# 1970's Juventus road bike



## Cairnpath (Mar 1, 2017)

Not sure if this is the right place for this one but I have a  road bike I picked up a long time ago. It is an odd brand Juventus and I have not heard of it before or since. Was this some store brand attempt at marketing or was this a good bike in its day? 

It is a 10 speed and yes I will have to post a picture when I figure out how. I was just curious if anyone had heard of this brand before?  I am not expecting a high value bike but I have sentimental attachment to it as it was my first 10 speed many years ago.


----------



## Bikerider007 (Mar 1, 2017)

There is one listed in LA on craigslist. It seems to be a nice mid range bike and I think it has some Campagnolo parts. It's been listed some time in the $300 range but looks rough shape.


----------



## Cairnpath (Mar 1, 2017)




----------



## Cairnpath (Mar 1, 2017)

I could not find the one on Craigslist any chance you have a link?


----------



## bulldog1935 (Mar 1, 2017)

this is the perfect place to post that bike.  
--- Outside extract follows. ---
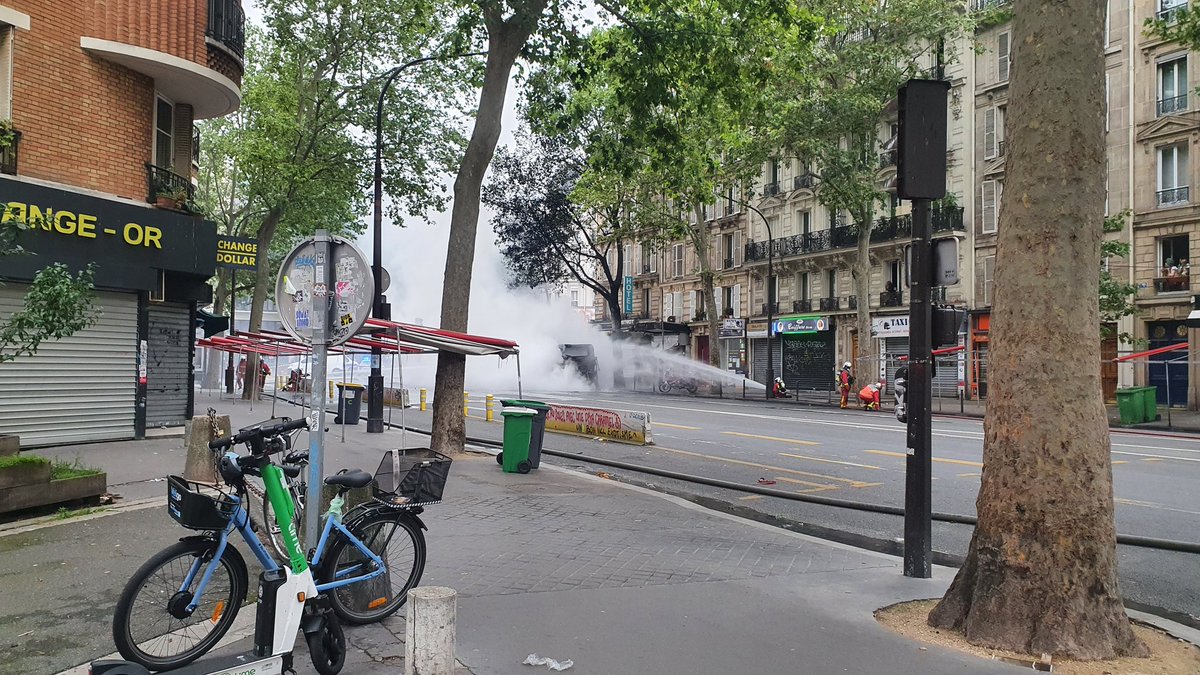 Mileskabal's tweet photo. Si vous entendez des explosions dans Paris 18, c'est un bus en feu qui a fait quelques détonations. Les pompiers sont sur place. https://t.co/FKTDRXZXYD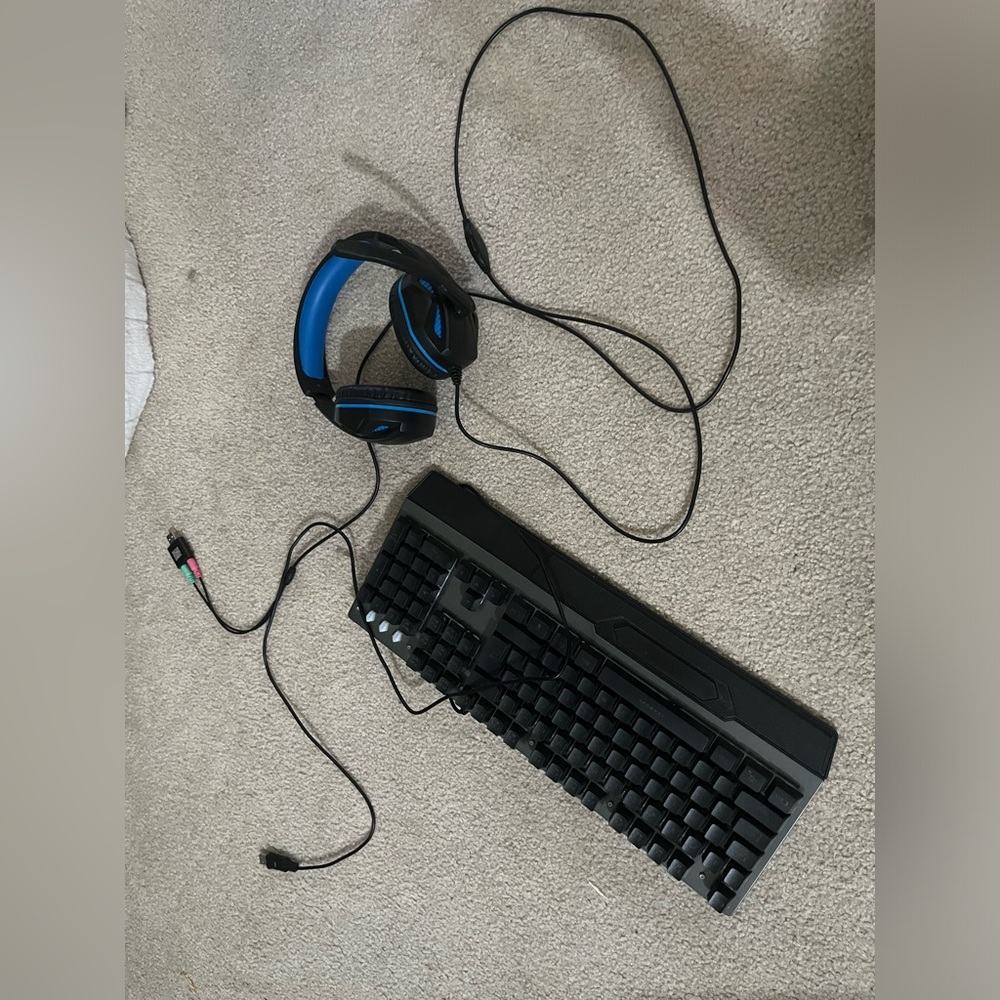 iLive Gaming Keyboard and Headset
views of the other side and, especially, photos that would identify the components would be helpful evaluating it.  
found this, referencing it made by Bianchi - I would guess in their Mexico factory

http://www.re-cycle.gr/juventus-vintage-bicycle/


----------



## Cairnpath (Mar 1, 2017)

I will try to get some more pictures and of components later this week. I would be surprised if it were aluminum as it is a heavy bike but that is easy to test.


----------



## Bikerider007 (Mar 1, 2017)

The one on cl appears a higher model. https://orangecounty.craigslist.org/bik/6025058899.html


----------



## juvela (Oct 13, 2017)

-----

Produced in the Chiorda facility.  The Chiorda crest is visible at the bottom of the seat tube transfer.
Rock bottom model as evidenced by plate style bridges, solid axle hubs and unserviceable pedals.  Frame constructed with Agrati bulge-formed head, lugs, shell, bridges and ends.  Appears plate style chainstay bridge has separated from frame.
-----


----------